Separate PK in Jxn Tbl?

**James A. Fortune**

Brian Selzer wrote:

A typical schema with artificial keys:

Customer {CustomerKey, CustomerNo, ...}
Key {CustomerKey}, Key {CustomerNo}

Item {ItemKey, ItemNo, ...}
Key {ItemKey}, Key {ItemNo}

CI {CustomerItemKey, CustomerKey, ItemKey, CustomerItemNo}
Key {CustomerItemKey}, Key {CustomerKey, ItemKey}
CI[ItemKey] IN Item[ItemKey]
CI[CustomerKey] IN Customer[CustomerKey]

SOLine {SOLineKey, SOKey, SOLineNo, CustomerItemKey, Quantity, Price}
Key {SOLineKey}, Key {SOKey, SOLineNo}
SOLine[CustomerItemKey] IN CI[CustomerItemKey]

A typical schema with natural keys

Customer {CustomerNo, ...}
Key {CustomerNo}

Item {ItemNo, ...}
Key {ItemNo}

CI {CustomerNo, ItemNo, CustomerItemNo}
KEY {CustomerNo, ItemNo}
CI[CustomerNo] IN Customer[CustomerNo]
CI[ItemNo] IN Item[ItemNo]

SOLine {SO#, SOLineNo, CustomerNo, ItemNo, Quantity, Price}
SOLine[CustomerNo, ItemNo] IN CI[CustomerNo, ItemNo]

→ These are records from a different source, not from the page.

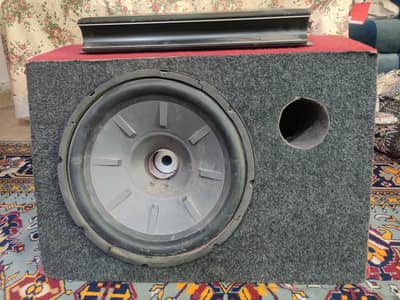 amplifier and woofer for sale 2500w. 4 ch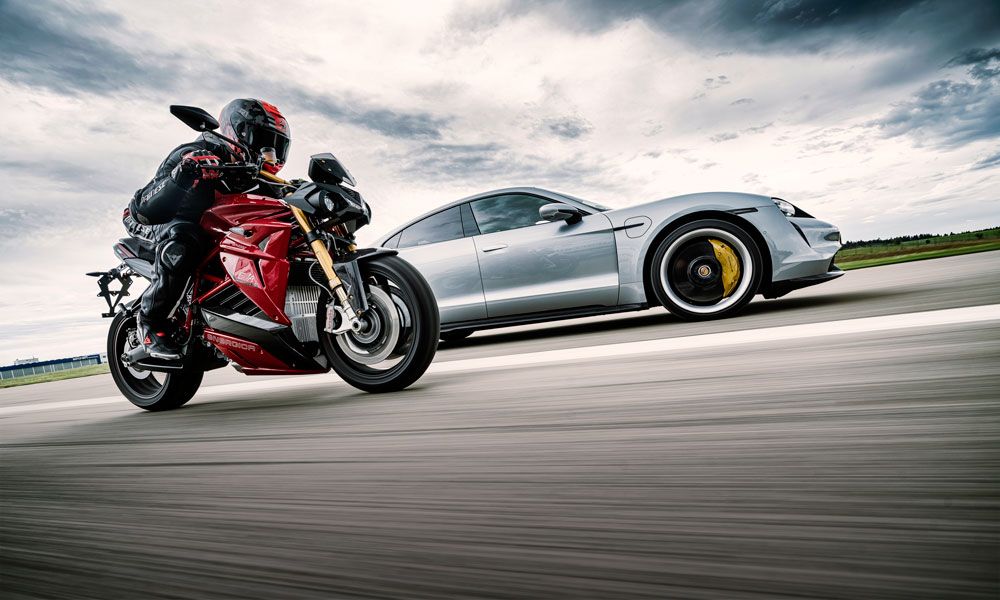 Energica Eva Ribelle frente a Porsche Taycan Trubo S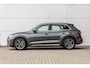 Audi Q5 50 TFSIe 299pk S edition | Luchtvering | Trekhaak | Panoramadak | Stoelverwarming | Achteruitrijcamera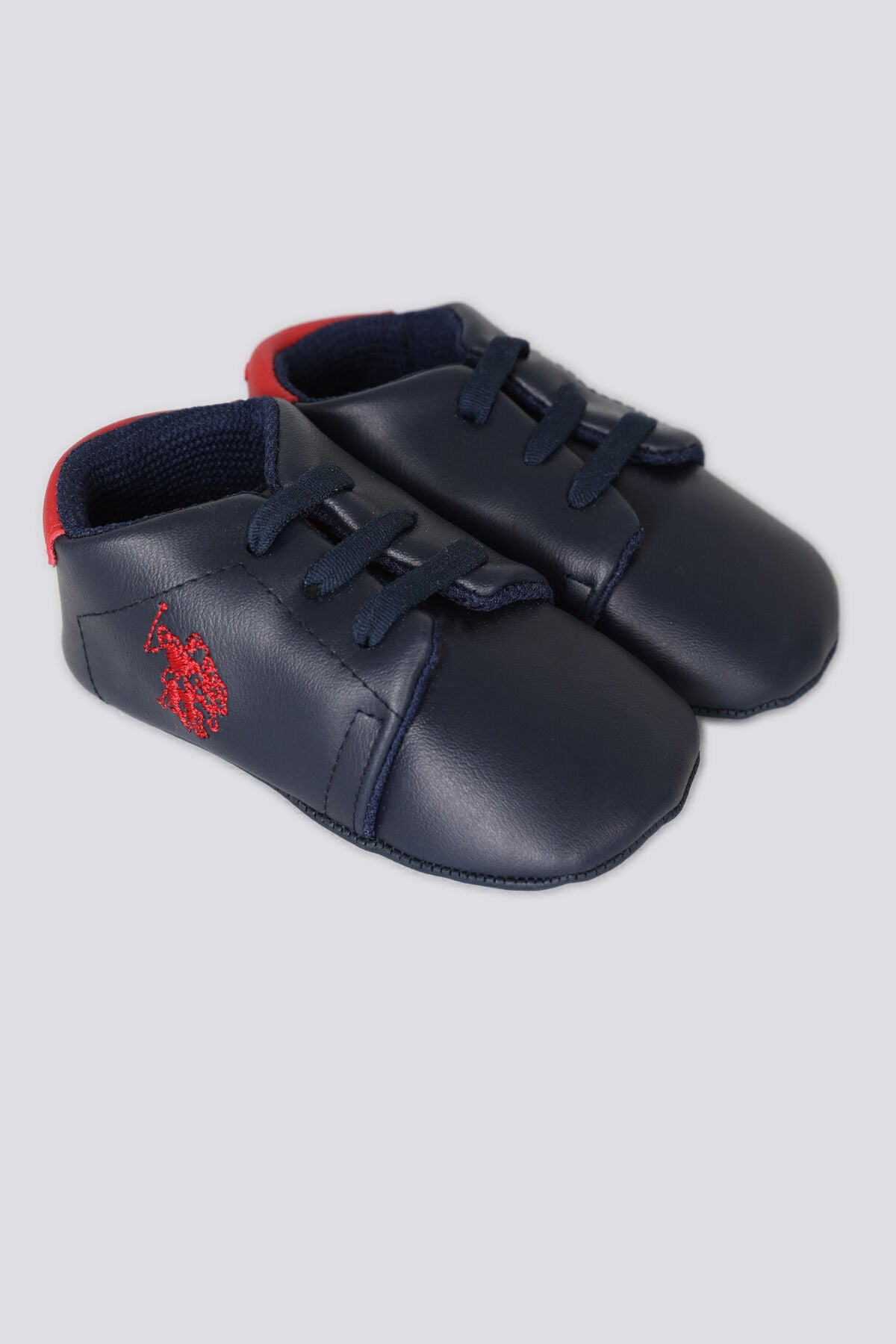 U.S. Polo Assn., Botosei de piele ecologica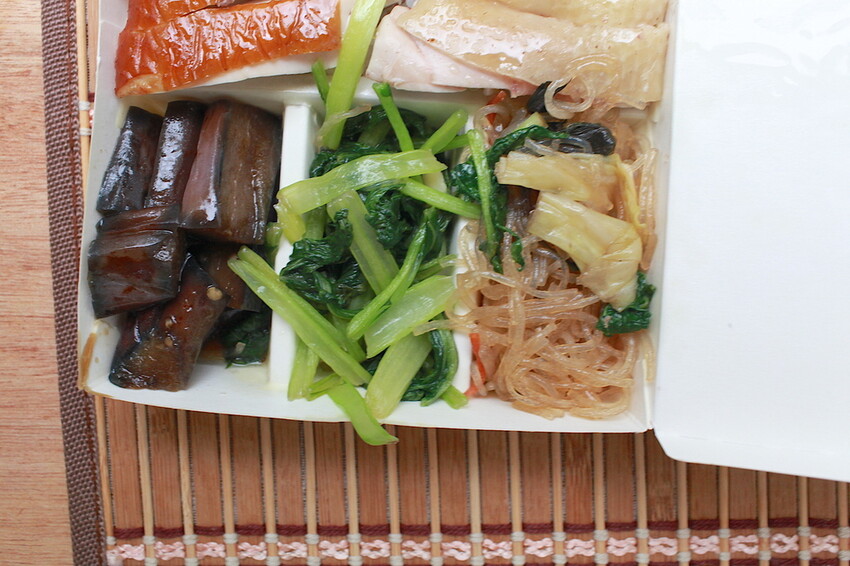 台南市安南區吃。台南市｜安南區。「孟饗雞雞肉店」隱身在安南區美味雞肉便當，早上六點開門白斬雞經常提銷售一空「孟饗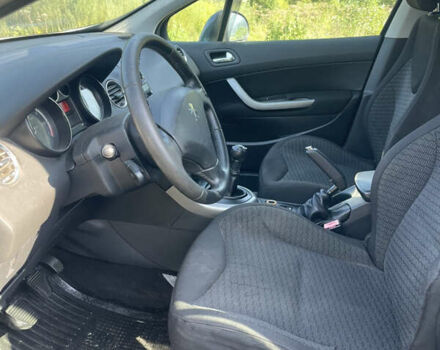 Пежо 308 2008 в Львове на Automoto.ua Серый Пежо 308, объемом двигателя 1.6 л и пробегом 289 тыс. км за 4000 $, фото 25 на Automoto.ua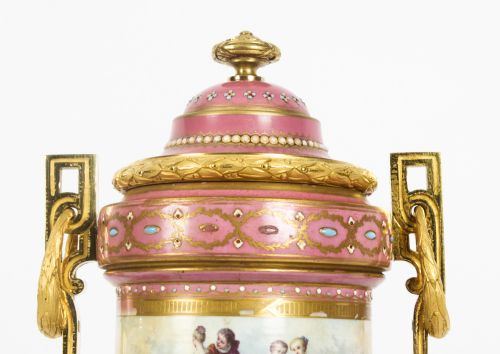 ANTIQUE PAIR FRENCH ORMOLU MOUNTED PINK SEVRES LIDDED VASES 19TH C - ADDITIONAL PHOTO 3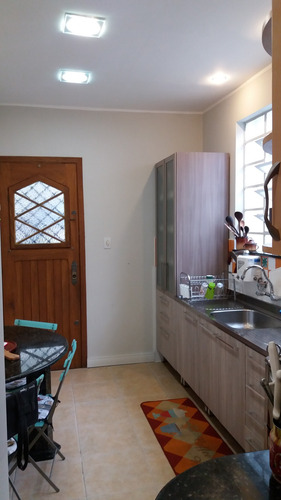 Casa Em Rio Branco Com 4 Dormitórios - Pj3032
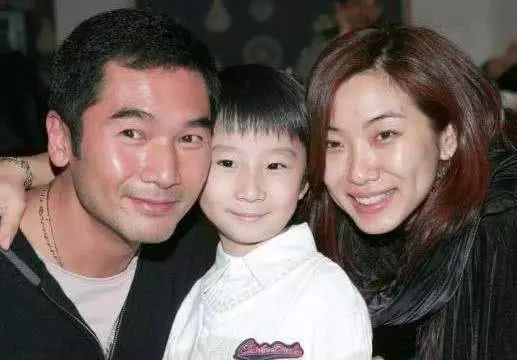一代男神與最丑港姐相戀12年奉子結婚,女兒近照曝光全隨了媽媽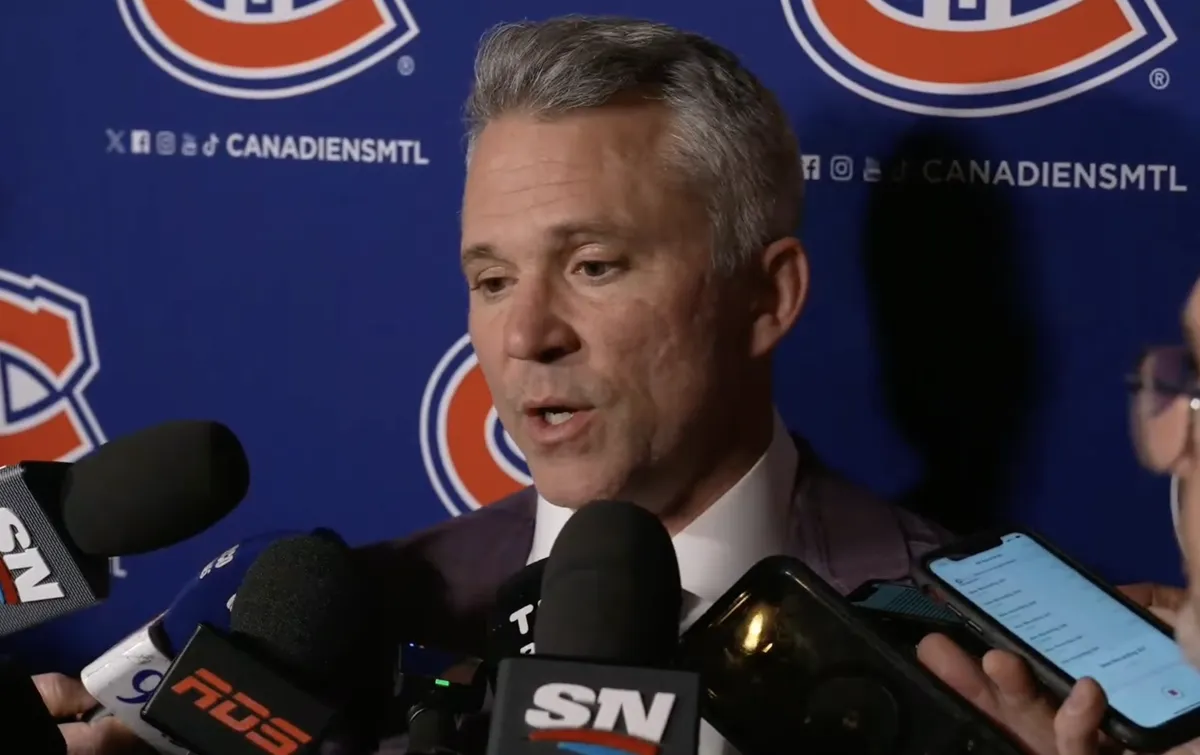 Surprise devant les journalistes: Martin St-Louis rabaisse son équipe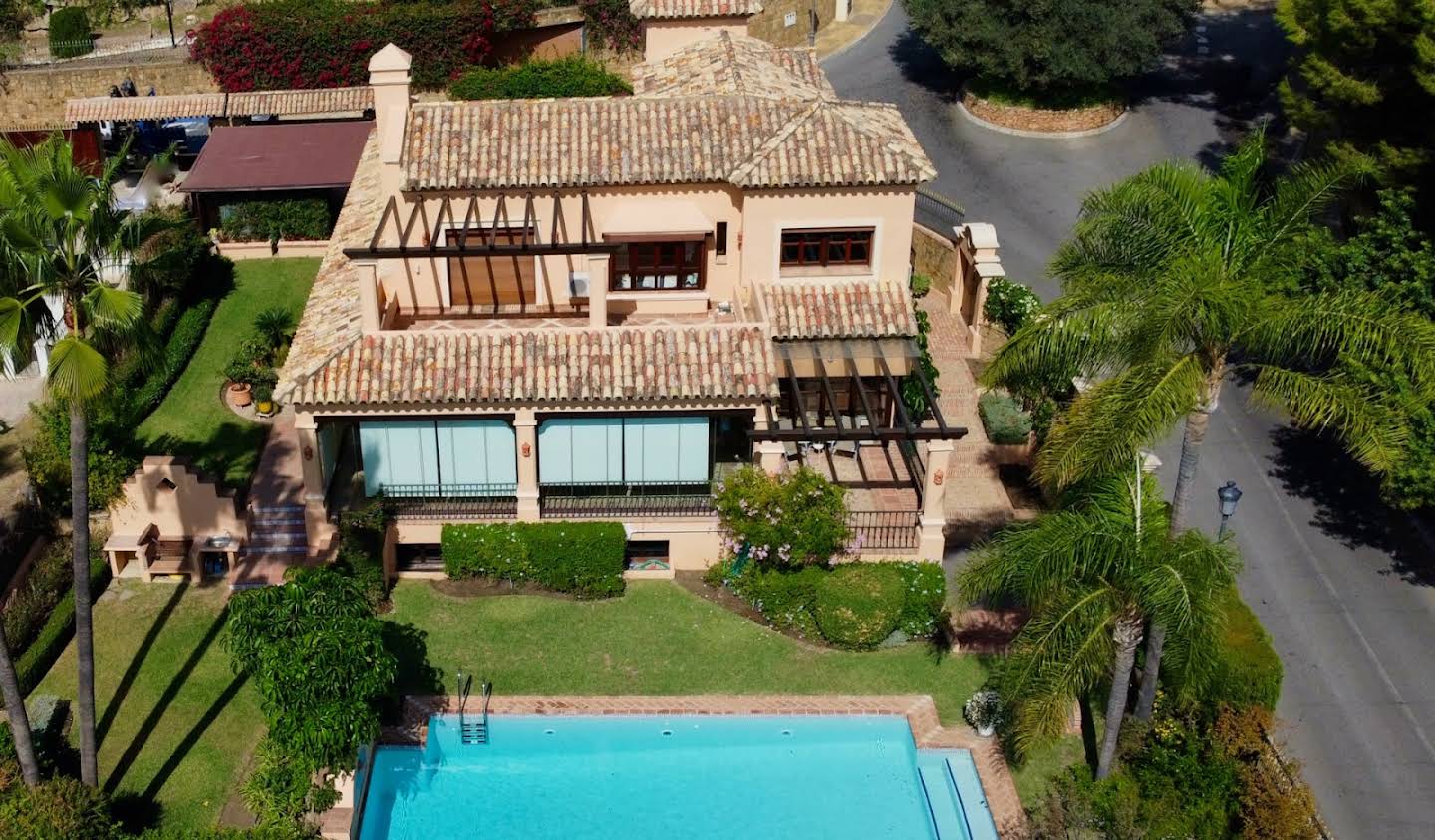 Villa with pool and garden Marbella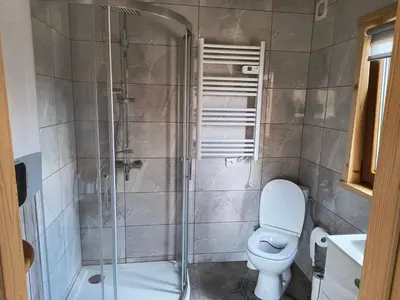 Łazienka w obiekcie Noclegi nad stawami wypożyczalnia kajaków i rowerów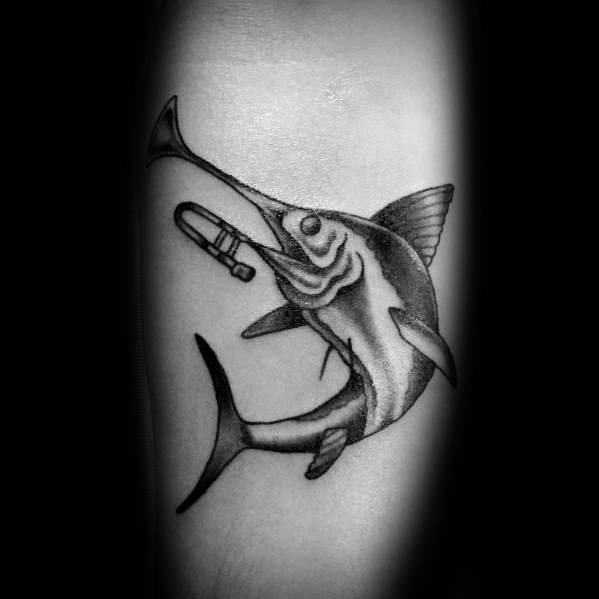 tatuaje pez espada 95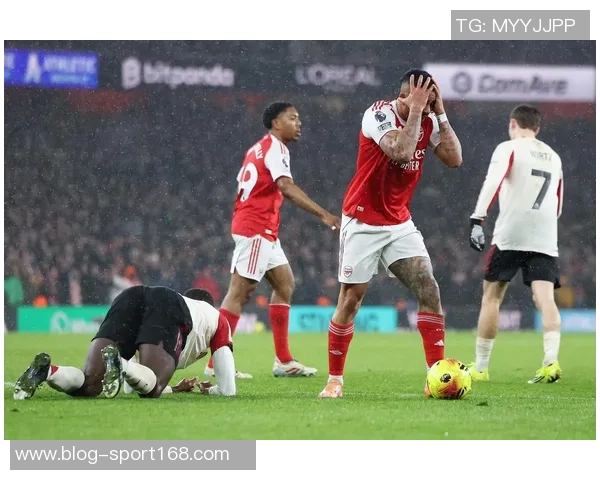 城车与阿森纳战平利物浦趁机扩大领先优势至六分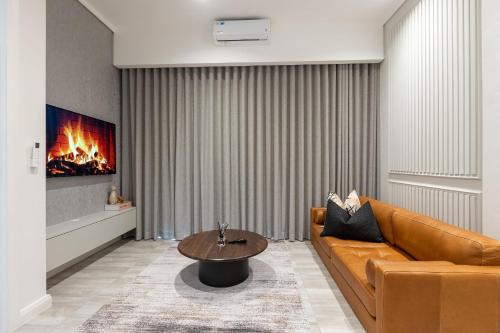 132 Menlyn Maine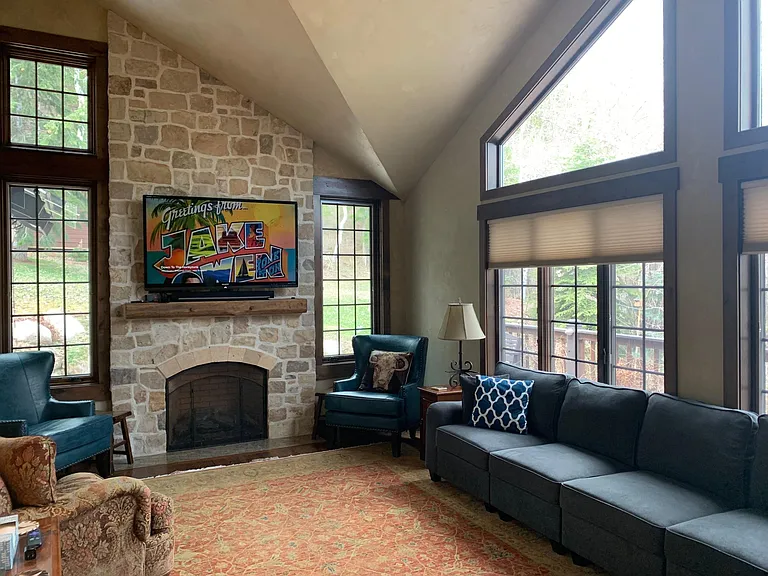 73 Elk Ln — Photo 4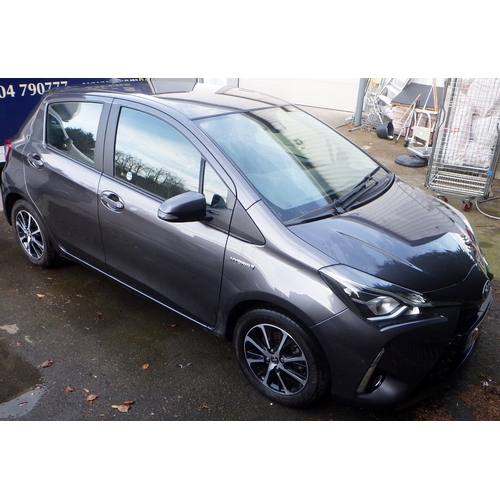 916 - A Toyota Yaris, YC68 LCU, grey, Icon Tech VVT-I Hev Cvt, 5 door hatchback, 1497cc Petrol Hybrid, sho... 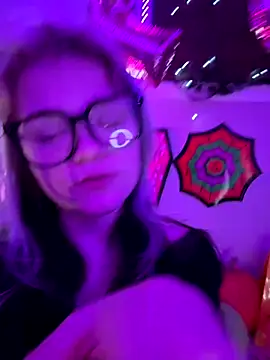 Snapshot of Cutiepiespanks chatting on 11/04/25, 07:40 Cutiepiespanks online show from 11/04/25, 07:40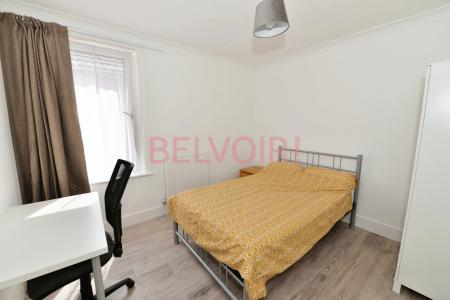 5 bedroom Semi-detached house to let in Harborough Road, Polygon, Southampton, SO15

Now write a query that returns how many of item '12345' were sold to
customer '4321'

It should be obvious that with the natural keys, no joins are
necessary--it's just a simple select from SOLine since all of the
information is actually /in/ SOLine; whereas, with the artifical keys,
several joins are required because in order to query by item number and
customer number, SOLine must be joined to CI which must then be joined to
Customer and Item.

Brian,

Thanks for attempting a concrete example to show your point. Although
the first schema doesn't look like something I would have created I will
go over your example and post back later, perhaps when the dust has
settled a bit in this thread. In spite of my sometimes unorthodox ways
I am a reasonable person who is always looking for better ways to do things.

James A. Fortune

**Rob[_16_]**

On Jan 28, 7:01 am, "David Cressey" wrote:
"Rob" wrote in message

...
On Jan 22, 1:26 pm, "Neil" wrote:

(quote)
I don't claim to know more about db theory than the cdt regulars, or
to have more experience than the many practioners who have contributed
to this thread.

I do know that the debate over relationship representations has been
going on for years, neither side giving any ground. Some aspects of it
are never addressed. For example, making the two foreign keys in a
junction table a composite PRIMARY key prohibits NULL values from
either key, but declaring a separate surrogate primary key together
with a UNIQUE constraint on the two-foreign-key-composite-key does
allow NULL values for either (or both!). This can be useful for
representing unrelated entity tuples, either childless parents or
orphans.

(unquote)

In the case of a junction table, this point is moot.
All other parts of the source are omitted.